五輪会場“酒類提供”めぐり芸能界に起こっていた怒りの連鎖
東京五輪で、組織委が会場での「酒類販売」を検討していることに関しては、芸能界からも非難ごうごうだった。
「羽鳥慎一モーニングショー」(テレビ朝日系・22日放送)では、MCの羽鳥慎一(50)が「本当に長い間、お酒を出せなくて飲食店がずっと我慢してきたのに、オリンピックは何でもありなんだなって」と言えば、解説の玉川徹(58)は、「オリンピックが行われている東京のお店に関してはまっすぐ帰れ、酒出すのをやめろと言って、会場の中でお酒OKって、居酒屋とかバーの人が聞いたら激怒じゃないですか」と呆れた。
お笑い芸人のNON STYLEの井上裕介(41)はブログで、〈いやいや。

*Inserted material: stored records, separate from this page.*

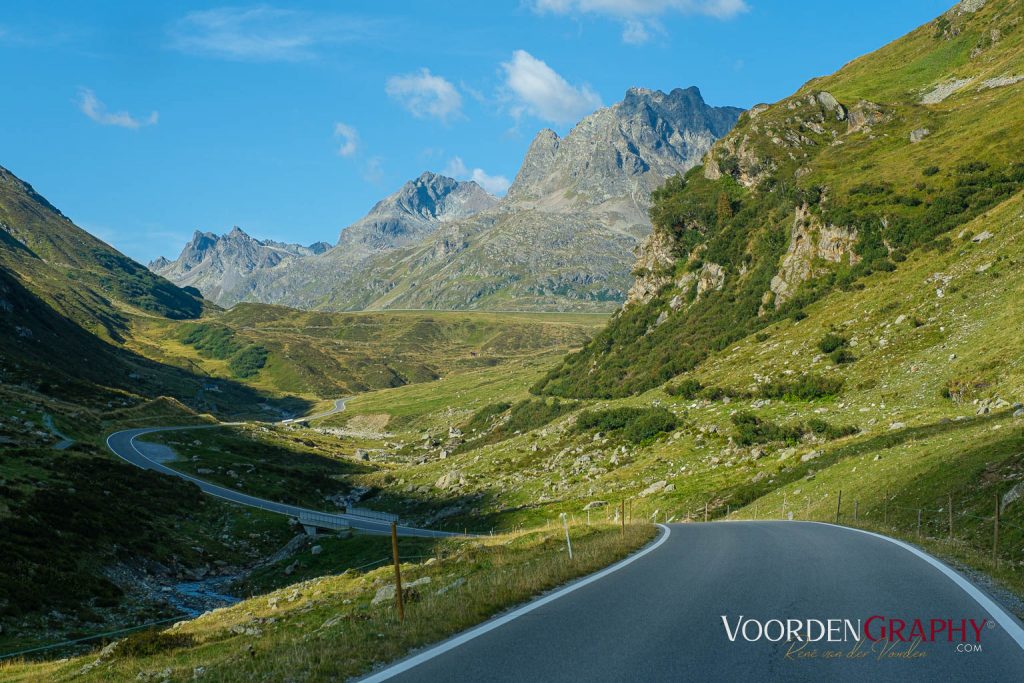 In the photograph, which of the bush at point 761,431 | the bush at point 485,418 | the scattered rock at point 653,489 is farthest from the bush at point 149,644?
the bush at point 485,418

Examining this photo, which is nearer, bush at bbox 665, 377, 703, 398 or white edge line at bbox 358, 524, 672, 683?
white edge line at bbox 358, 524, 672, 683

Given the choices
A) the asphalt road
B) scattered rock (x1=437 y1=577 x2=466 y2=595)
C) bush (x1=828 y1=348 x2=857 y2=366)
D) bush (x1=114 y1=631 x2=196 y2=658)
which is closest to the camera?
the asphalt road

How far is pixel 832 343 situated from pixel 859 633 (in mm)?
67305

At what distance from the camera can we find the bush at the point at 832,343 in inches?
2719

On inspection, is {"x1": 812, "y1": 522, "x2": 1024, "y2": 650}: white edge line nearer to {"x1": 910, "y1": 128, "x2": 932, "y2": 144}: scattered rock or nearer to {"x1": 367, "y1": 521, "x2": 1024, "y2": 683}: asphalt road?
{"x1": 367, "y1": 521, "x2": 1024, "y2": 683}: asphalt road

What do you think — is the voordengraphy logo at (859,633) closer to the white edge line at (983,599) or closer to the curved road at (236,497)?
the white edge line at (983,599)

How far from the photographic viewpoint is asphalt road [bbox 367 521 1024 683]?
7.99 meters

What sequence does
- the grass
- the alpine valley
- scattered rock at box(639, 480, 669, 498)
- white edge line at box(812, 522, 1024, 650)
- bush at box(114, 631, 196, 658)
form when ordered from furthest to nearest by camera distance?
scattered rock at box(639, 480, 669, 498) → bush at box(114, 631, 196, 658) → the alpine valley → the grass → white edge line at box(812, 522, 1024, 650)

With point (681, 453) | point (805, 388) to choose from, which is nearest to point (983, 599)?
point (681, 453)

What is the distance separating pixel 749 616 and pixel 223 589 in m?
50.7

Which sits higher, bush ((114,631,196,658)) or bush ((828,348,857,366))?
bush ((828,348,857,366))

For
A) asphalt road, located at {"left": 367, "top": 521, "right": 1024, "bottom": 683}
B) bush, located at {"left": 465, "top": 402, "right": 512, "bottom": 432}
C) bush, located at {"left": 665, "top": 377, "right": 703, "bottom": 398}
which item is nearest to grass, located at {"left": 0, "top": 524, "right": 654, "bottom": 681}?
asphalt road, located at {"left": 367, "top": 521, "right": 1024, "bottom": 683}

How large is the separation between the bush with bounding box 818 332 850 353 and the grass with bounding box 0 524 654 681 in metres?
52.2

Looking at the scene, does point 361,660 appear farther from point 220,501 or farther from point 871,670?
point 220,501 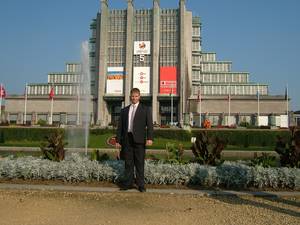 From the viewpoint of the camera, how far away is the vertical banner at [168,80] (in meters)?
72.7

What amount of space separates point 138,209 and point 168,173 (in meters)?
2.28

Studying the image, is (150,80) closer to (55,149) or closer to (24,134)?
(24,134)

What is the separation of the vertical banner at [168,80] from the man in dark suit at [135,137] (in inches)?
2569

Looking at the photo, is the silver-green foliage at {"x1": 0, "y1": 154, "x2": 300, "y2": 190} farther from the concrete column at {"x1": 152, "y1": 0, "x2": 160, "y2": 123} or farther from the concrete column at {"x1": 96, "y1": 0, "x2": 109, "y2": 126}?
the concrete column at {"x1": 96, "y1": 0, "x2": 109, "y2": 126}

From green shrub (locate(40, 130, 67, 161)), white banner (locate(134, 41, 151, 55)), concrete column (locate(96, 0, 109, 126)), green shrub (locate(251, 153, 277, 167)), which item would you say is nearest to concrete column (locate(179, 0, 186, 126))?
white banner (locate(134, 41, 151, 55))

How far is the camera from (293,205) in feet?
20.1

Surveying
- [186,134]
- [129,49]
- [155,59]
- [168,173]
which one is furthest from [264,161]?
[129,49]

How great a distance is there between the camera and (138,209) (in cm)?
568

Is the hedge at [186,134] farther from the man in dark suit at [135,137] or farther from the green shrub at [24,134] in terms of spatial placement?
the man in dark suit at [135,137]

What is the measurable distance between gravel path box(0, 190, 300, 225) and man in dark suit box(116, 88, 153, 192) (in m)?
0.62

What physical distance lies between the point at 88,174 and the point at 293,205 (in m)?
4.43

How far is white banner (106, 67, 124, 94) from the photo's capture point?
74.1m

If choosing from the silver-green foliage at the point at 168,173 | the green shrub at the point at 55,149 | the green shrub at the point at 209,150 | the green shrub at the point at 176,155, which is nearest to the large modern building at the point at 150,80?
the green shrub at the point at 176,155

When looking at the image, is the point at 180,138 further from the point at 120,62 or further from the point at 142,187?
the point at 120,62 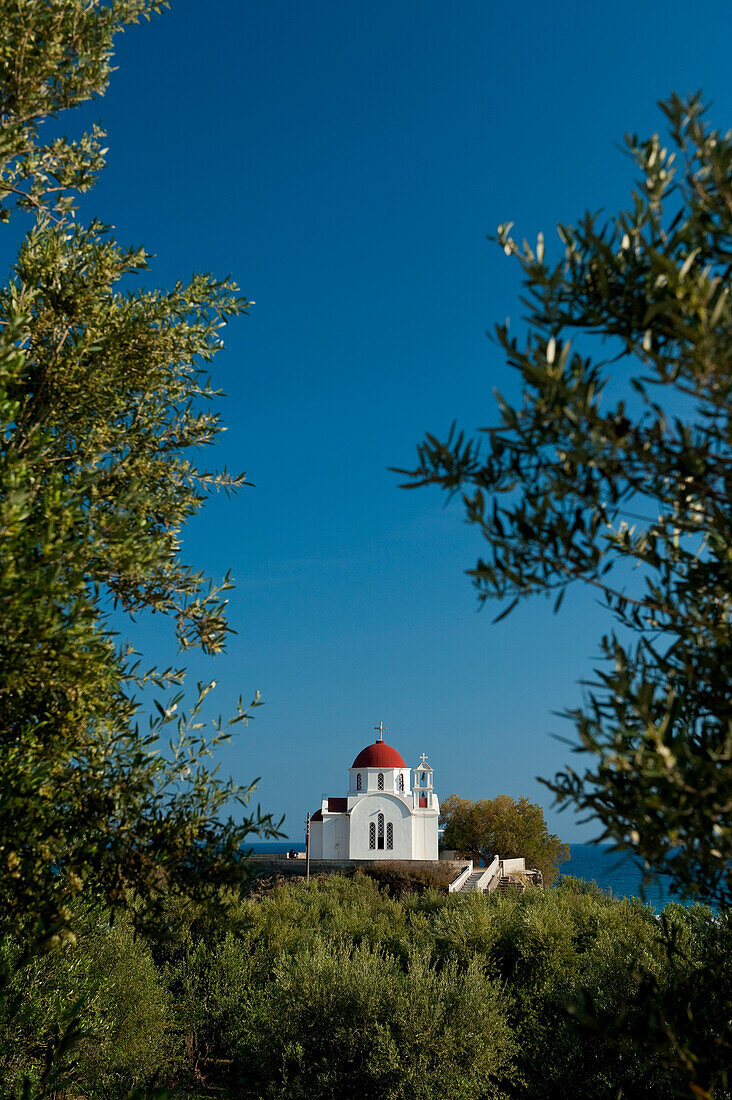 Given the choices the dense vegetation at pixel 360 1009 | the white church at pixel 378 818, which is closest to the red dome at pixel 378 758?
the white church at pixel 378 818

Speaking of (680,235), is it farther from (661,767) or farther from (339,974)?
(339,974)

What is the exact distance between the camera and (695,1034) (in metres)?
2.99

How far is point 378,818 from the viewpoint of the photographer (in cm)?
5644

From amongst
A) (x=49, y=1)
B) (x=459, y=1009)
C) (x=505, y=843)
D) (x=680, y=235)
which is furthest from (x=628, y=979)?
(x=505, y=843)

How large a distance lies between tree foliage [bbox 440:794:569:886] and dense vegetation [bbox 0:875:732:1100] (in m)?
36.6

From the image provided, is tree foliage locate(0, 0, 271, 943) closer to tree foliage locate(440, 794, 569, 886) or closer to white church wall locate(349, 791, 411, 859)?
white church wall locate(349, 791, 411, 859)

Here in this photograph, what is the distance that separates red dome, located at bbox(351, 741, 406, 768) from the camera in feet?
193

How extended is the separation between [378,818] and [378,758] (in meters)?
4.58

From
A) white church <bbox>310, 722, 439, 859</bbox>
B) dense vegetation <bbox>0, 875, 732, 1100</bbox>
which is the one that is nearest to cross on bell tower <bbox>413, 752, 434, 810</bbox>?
white church <bbox>310, 722, 439, 859</bbox>

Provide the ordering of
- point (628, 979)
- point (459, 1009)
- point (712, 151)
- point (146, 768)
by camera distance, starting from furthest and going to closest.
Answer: point (628, 979)
point (459, 1009)
point (146, 768)
point (712, 151)

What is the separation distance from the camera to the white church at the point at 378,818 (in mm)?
55812

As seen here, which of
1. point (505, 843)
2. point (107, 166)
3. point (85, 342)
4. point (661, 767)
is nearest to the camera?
point (661, 767)

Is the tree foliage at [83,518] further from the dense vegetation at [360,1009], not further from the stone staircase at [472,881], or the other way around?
the stone staircase at [472,881]

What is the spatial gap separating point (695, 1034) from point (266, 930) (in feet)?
81.3
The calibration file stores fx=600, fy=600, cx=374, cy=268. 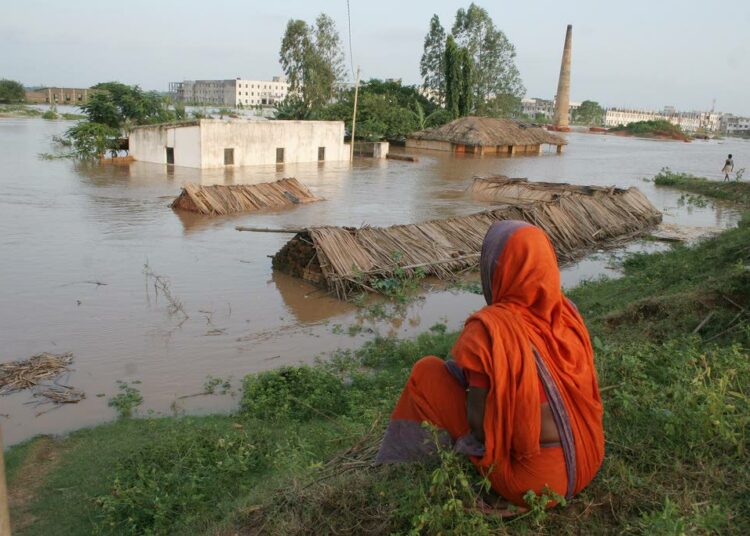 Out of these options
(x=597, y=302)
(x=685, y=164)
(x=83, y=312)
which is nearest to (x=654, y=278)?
(x=597, y=302)

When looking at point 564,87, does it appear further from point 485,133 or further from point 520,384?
point 520,384

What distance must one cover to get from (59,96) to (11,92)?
16.2 meters

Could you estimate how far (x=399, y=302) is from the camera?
29.8 ft

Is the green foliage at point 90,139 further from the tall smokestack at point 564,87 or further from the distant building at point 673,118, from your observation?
the distant building at point 673,118

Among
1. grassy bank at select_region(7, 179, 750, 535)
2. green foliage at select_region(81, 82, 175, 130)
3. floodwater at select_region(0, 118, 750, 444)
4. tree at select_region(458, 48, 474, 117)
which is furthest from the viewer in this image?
tree at select_region(458, 48, 474, 117)

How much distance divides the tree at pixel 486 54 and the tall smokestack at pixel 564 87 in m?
11.3

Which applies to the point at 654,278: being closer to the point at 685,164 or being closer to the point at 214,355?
the point at 214,355

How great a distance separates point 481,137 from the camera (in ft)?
116

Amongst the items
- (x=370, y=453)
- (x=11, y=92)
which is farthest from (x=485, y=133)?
(x=11, y=92)

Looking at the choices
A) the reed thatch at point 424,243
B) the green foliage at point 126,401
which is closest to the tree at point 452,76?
the reed thatch at point 424,243

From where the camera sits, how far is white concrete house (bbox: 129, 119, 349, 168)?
75.8 ft

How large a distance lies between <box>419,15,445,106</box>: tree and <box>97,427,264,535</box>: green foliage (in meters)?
48.5

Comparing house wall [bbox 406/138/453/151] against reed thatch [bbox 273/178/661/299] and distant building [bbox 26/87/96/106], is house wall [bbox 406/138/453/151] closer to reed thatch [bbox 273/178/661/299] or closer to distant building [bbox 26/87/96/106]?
reed thatch [bbox 273/178/661/299]

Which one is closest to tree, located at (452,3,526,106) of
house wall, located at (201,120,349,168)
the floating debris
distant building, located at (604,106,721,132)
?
house wall, located at (201,120,349,168) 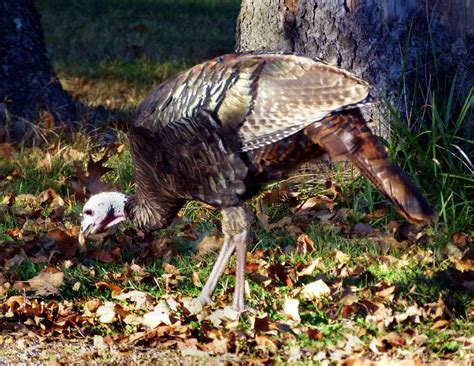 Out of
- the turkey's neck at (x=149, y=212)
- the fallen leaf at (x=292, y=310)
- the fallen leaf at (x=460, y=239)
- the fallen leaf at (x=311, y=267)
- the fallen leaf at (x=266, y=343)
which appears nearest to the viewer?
the fallen leaf at (x=266, y=343)

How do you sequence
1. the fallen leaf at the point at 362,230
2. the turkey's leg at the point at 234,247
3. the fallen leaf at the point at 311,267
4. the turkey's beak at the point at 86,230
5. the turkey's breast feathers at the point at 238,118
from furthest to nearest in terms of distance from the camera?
the fallen leaf at the point at 362,230
the turkey's beak at the point at 86,230
the fallen leaf at the point at 311,267
the turkey's leg at the point at 234,247
the turkey's breast feathers at the point at 238,118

これを検討するのであれば、今までの我慢はなんやったの!? 大声の抑制などが守られると思っているなら、今までも飲食業を閉める必要なかったやん!!〉と反応。女優の原千晶(47)も「東京オリンピック酒類販売容認? さすがに憤りを隠せません」とツイート。人気ユーチューバーのせやろがいおじさんも「政府が出した酒類提供の自粛要請に政府が協力しないんだけど」とツイートした。
さらに東国原英男(63)も〈驚いた。「オリパラ会場で観客への酒類販売容認」という報道。だったら、感染対策をしている飲食店はフルオープンにして上げないと〉とツイートした。
飲食店関係者や庶民の我慢を踏みにじる露骨な“五輪ファースト”に市井の怒りは爆発寸前だったのだ。
「五輪の最大のスポンサーは税金を出してる国民のはず」
さらに、丸川珠代五輪相が22日の会見で、「大会の性質上、ステークホルダーの存在がある。組織委としては、それを念頭において検討されると思う」と発言したことがさらなる燃料投下になるなど二枚舌も甚だしい。芸能文化評論家の肥留間正明氏は皮肉まじりにこう話す。
「飲食店には2人以下で90分以内などと言っておいて、五輪はOKなどというダブルスタンダードが通用するわけがない。国民はこの不公平感に辟易している。これだけバカにされてやってられるかということですよ。これはもう国が“飲酒OK”というお墨付きを与えたと受け止めて、苦労している飲食店をはじめ、自粛要請に応じてきた映画館、コンサート会場、劇場などのエンタメ業界も酒類を全面解禁してジャンジャン出せばいいんですよ。そもそも五輪の最大のスポンサーは税金を出してる国民のはずでしょう」
ところが、22日夜に事態は一転。こうした芸能界からの声も奏功したか、組織委は世間の猛批判に耐えきれず、酒類の販売を見送る方向で調整中と報じられ、組織委は23日に「収容人員の50%で1万人まで」の観客上限が決まった大会における観戦者ガイドラインを公表。会場での飲酒は全面禁止となり、アルコール飲料の持ち込みも禁止。会場内での酒類販売も見送られた。
五輪開催まであと1カ月。政治的意見は控える傾向が強い芸能人の爆発は、今後も世論を大きく動かしそう。開幕までドタバタはまだまだ続きそうだ。